Coder Social home page Coder Social logo

route_version's Introduction

CAML Representation Learning

Installation

Create a conda environment

conda create -n pytorch-env python=3.7.7
conda activate pytorch-env

cd <path_to>task_strategy_learning
pip install -e .

Training: Learning Task Strategies

  1. Run the script datasets.py to compute and save a set of threshold values for the feature functions given the distribution of data in the training dataset.
python datasets.py \
--root_dir <root_dataset_directory>  \
--dataset_folders <session_names>

root_dir is the base directory for the dataset. dataset_folders is a space separated list of top level folder names for the dataset. Each folder should include two subfolders with the names processed_data and log_files. The computed feature function thresholds will be saved under tmp_output/feature_function_thresholds.json.
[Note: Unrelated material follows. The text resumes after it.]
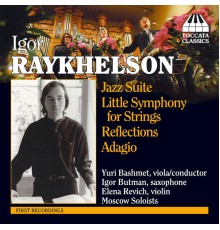 Igor Raykhelson - Jazz Suite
  1. Run the script main_representation.py to learn an embedding function via contrastive learning:
python main_representation.py \
--root_dir <root_dataset_directory> \
--trajectories <session_names> \
--ckpt_dir <checkpoint_directory> \
--embedding_dim <embedding_dimensions> \
--data_format <data_format> \
--feature_functions_name <desired_feature_functions_string_id> \
--feature_function_thresholds_path <path_to_the_feature_function_thresholds_file>
  • data_format should be set to either minigrid or airsim to support the corresponding logged data formats.

  • session_names is a space separated list of folder names that exist under root_dataset_directory and each contain the logged data from running the RL agent data generation script. In the airsim data format, each folder is expected to include the sub-folders log_files and processed_data.

  • embedding_dim is the length of the embedding vectors with a default value of 48.

  • feature_functions_name is a string ID of the desired set of feature function to be used for forming triplets. Currently supported feature function names include (case-sensitive): Clearance, Velocity, TurnRate, Clearance_Velocity, Clearance_TurnRate, Clearance_Velocity_TurnRate.

    Please take a look at the script run_representation_learning.bash for an examples of running the above script.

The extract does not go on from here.